Readings: CDS database, Shipping derivatives, FX outflows
- Paul Kedrosky: Top 20 CDS by Net Exposure: Italy/Spain Rule
Source: DTCC’s weekly CDS update
- Financial Times: Concern over shipping derivatives losses
Traders in forward freight agreements (FFA) – derivatives based on short-term charter rates – could owe significant sums if they were betting on a rise in charter rates for ships carrying coal, iron ore and other commodities.
The sector’s Baltic Dry Index of charter rates started the month at 3,025 points and closed on Friday at 851. The 80 per cent of trades made through clearing houses were being settled on Monday, while traders who bought cash-settled products through private transactions, known as over-the-counter trades, have until Friday to settle.

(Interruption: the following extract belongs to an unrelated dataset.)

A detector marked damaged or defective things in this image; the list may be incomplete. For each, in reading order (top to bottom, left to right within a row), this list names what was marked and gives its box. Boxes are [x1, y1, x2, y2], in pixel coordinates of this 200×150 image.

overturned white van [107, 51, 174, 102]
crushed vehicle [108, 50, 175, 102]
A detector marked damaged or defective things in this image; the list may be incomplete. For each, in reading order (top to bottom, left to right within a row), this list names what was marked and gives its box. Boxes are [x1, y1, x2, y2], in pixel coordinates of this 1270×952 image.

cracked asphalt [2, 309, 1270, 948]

It is widely expected that hedge funds could be particularly badly hit.
No respite in bad news for hedge funds.
- Morgan Stanley: RBI’s Swift Policy Response to Large FX Outflows
India’s FX reserves declined by US$15.5 billion during the week ended October 24. This is the highest weekly fall in FX reserves on record. FX reserves have been declining since the last week of May 2008 and have cumulatively fallen US$57.7 billion from the peak to US$258 billion currently.

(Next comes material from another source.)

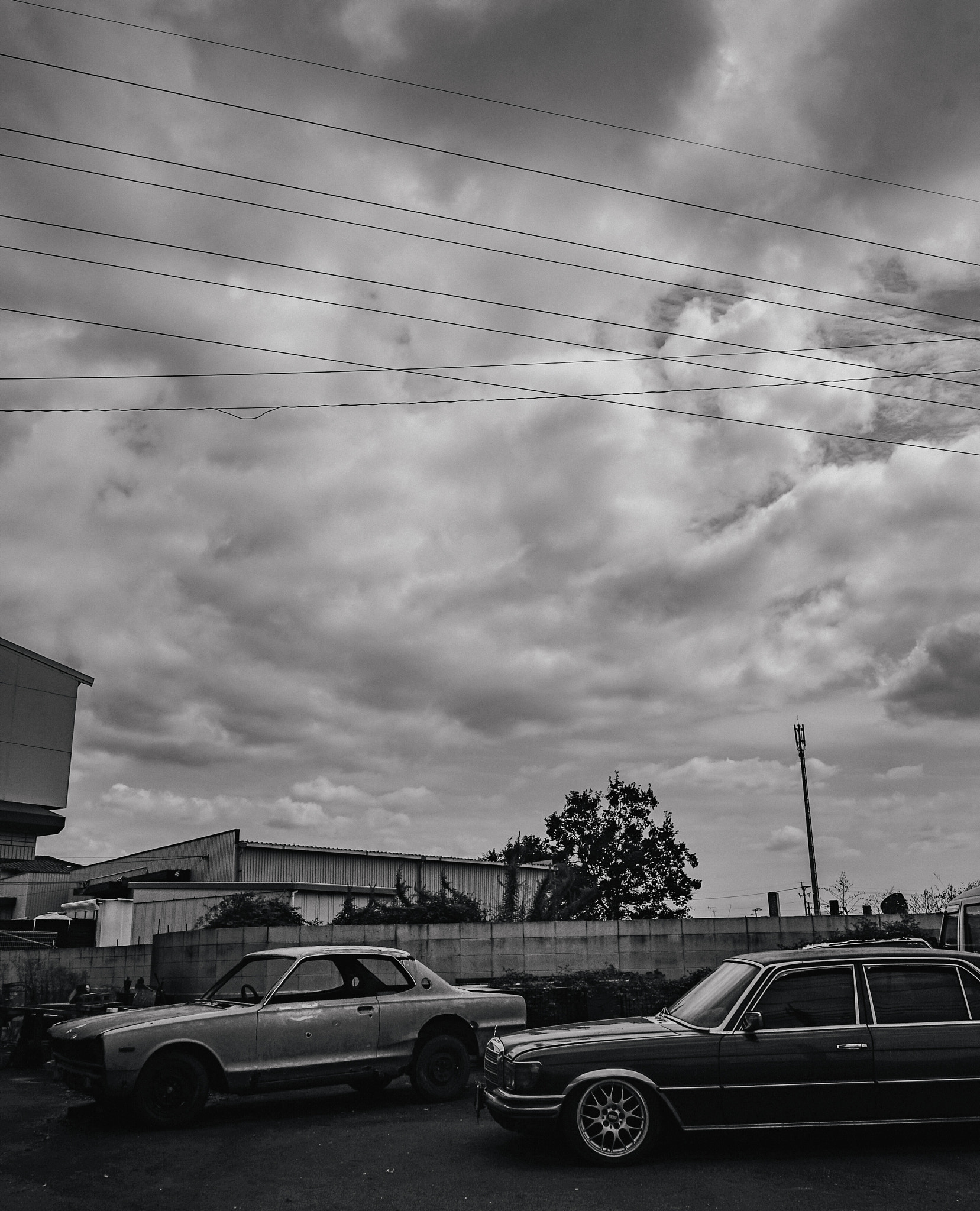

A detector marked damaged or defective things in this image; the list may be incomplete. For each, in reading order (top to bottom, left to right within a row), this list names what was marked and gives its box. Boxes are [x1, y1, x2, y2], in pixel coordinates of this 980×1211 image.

rusty vintage coupe [48, 944, 523, 1123]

Our conversations with real estate market players indicate that many developers are facing serious financial management challenges. Some are borrowing at a cost of over 30% to complete their projects. Private sector banks already face a significant rise in NPLs on their unsecured loan portfolio. Banks also have exposure to non-banking financial companies, who, in turn, are also likely to face higher NPLs.
Some SMEs had not hedged the foreign exchange risk or had hedged under ‘knock-in knock-out’ (KIKO) agreements. Many hedges made under these KIKO contracts are lapsing, due to the sharp movement in the rupee in such a short time span. This has meant that many SMEs have seen losses on foreign external liabilities increase significantly.